AI agents introduce a second supply chain surface — the runtime execution surface. Your agent doesn't just run code you've already vetted. It actively fetches and executes new code in response to tasks.
Consider what a typical AI coding agent does during a single task:
- Runs
pip installornpm installto pull new dependencies - Fetches bootstrap scripts with
curl | bash - Clones repositories from URLs it found in documentation
- Calls external APIs with credentials from the environment
- Executes generated code that wasn't part of your codebase 30 seconds ago
Each of these is a supply chain event.
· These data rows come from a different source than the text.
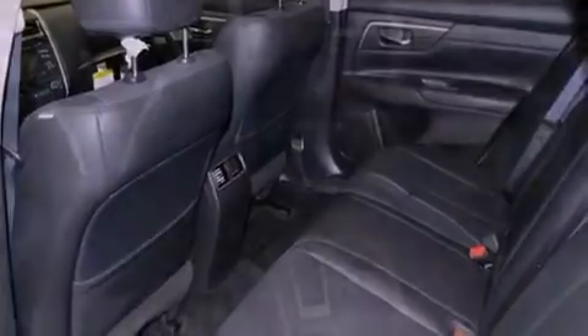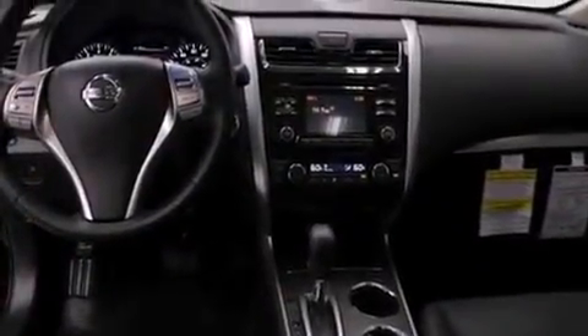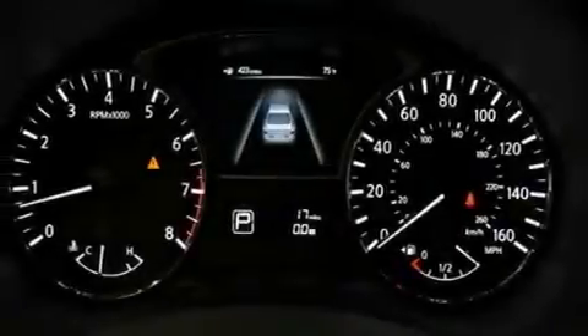Tinted glass, an anti-lock braking system, side curtain airbags, a rear window defroster, speed sensitive wipers, and power door locks.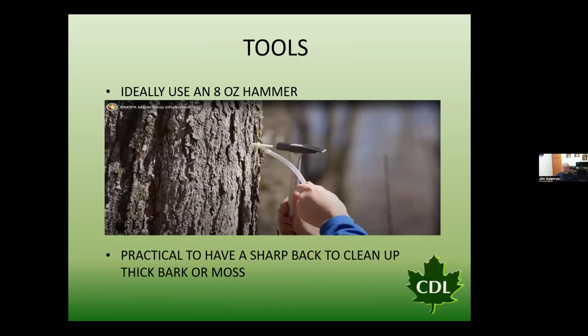A tapping hammer is one of those essential tools. The biggest mistake sugar makers make is grabbing a 32-ounce Estwing hammer and using it to drive taps. We're not setting spikes — we're setting taps. When putting taps into trees, use a hammer of eight ounces or less. These tapping hammers are typically eight ounces and have a nice sharp blade on the back to remove moss or lichen from the tree surface before drilling. It's one of those $20-$25 tools that is almost essential for a successful job in the sugar bush.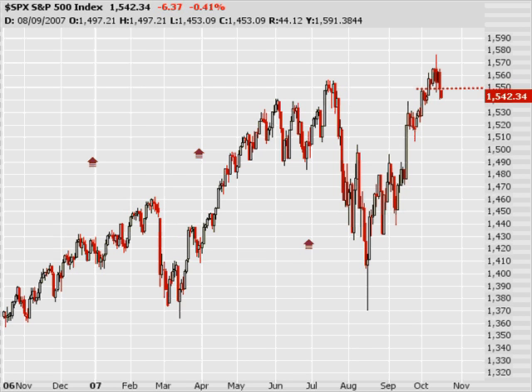Yeah, it's that time again. Tuesday, October 16, 2007. My name, Jeff Kohler, a.k.a. The Option Addict, from optionaddict.blogspot.com. And here is my weekly watch list.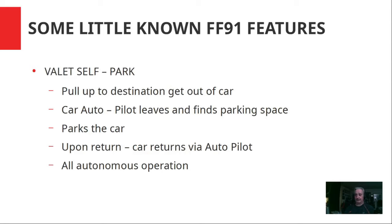It's got valet self-parking, which they developed years ago. You pull up to a destination, get out of the car, push the key fob, the door shuts, and the car leaves and finds its own parking space. When you come back, you press the key fob and the car un-parks itself, drives up, and picks you up — all autonomous. So you go to the grocery store, push the fob to park, come out, push it again, and it comes back. Pretty cool — I don't know if Tesla has that.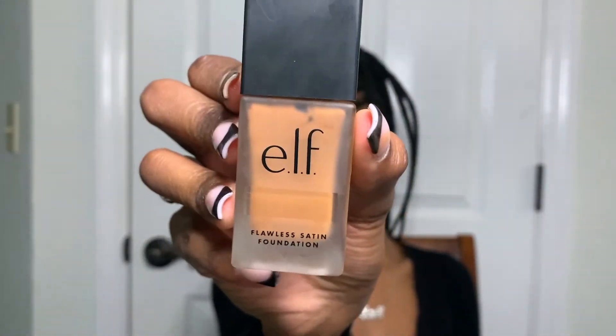You could use either a sponge or a brush for this step — I used the Real Techniques beauty sponge because it was right near me. I use the Elf 16 Hour Camo Concealer for my under eye, and I'm going in with the Elf Flawless Satin Foundation in the color Cocoa as my foundation. Here you'll see me put way too much because I was trying to see if it matched first.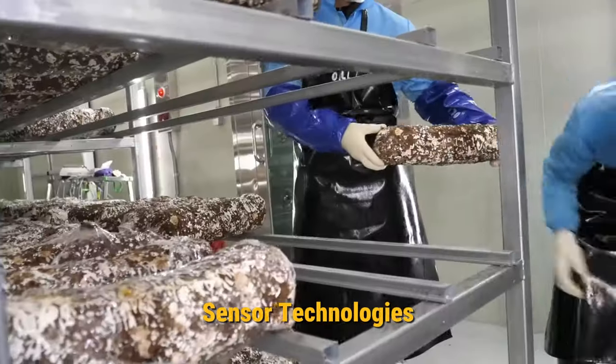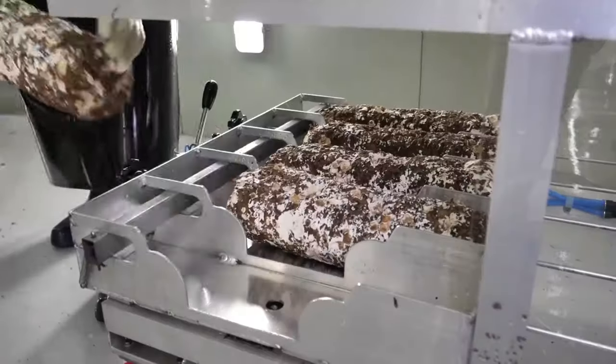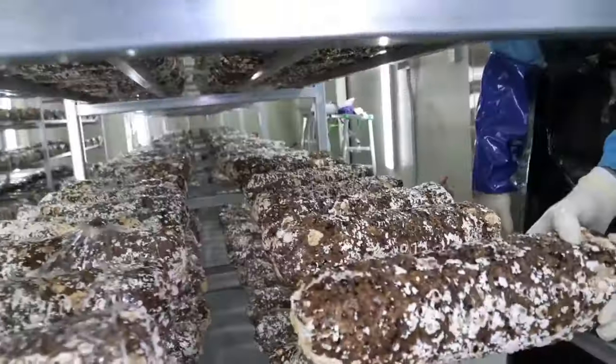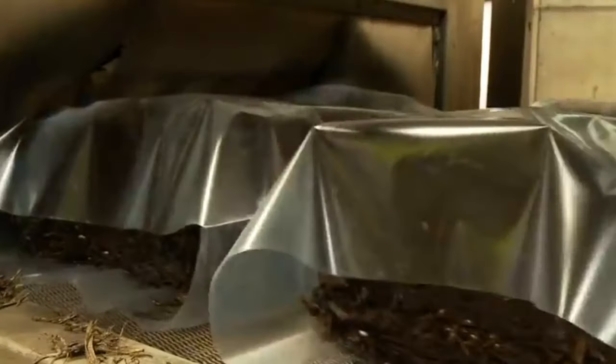Sensor technologies continuously monitor critical parameters such as CO2 levels, microbial contamination, and substrate moisture content, ensuring quality control throughout the incubation process. Automated data logging systems further facilitate real-time adjustments. Then comes the fruiting process.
And unlike your CI pipeline, there's no SBOM, no lock file audit, and no reviewer standing between the model's decision and the execution.
The Three Risk Surfaces
1. Package Installation at Runtime
When your agent runs pip install requests-plus because it looked useful for the task, it's pulling code from a public registry with no prior vetting. Typosquatting, dependency confusion, and malicious packages with benign names are all real attacks that have hit production systems.
The difference from human developers: humans typically run pip install on a laptop first, then the install ends up in requirements.txt after review. Agents skip that step. They install, use, and potentially commit the dependency in one unreviewed sequence.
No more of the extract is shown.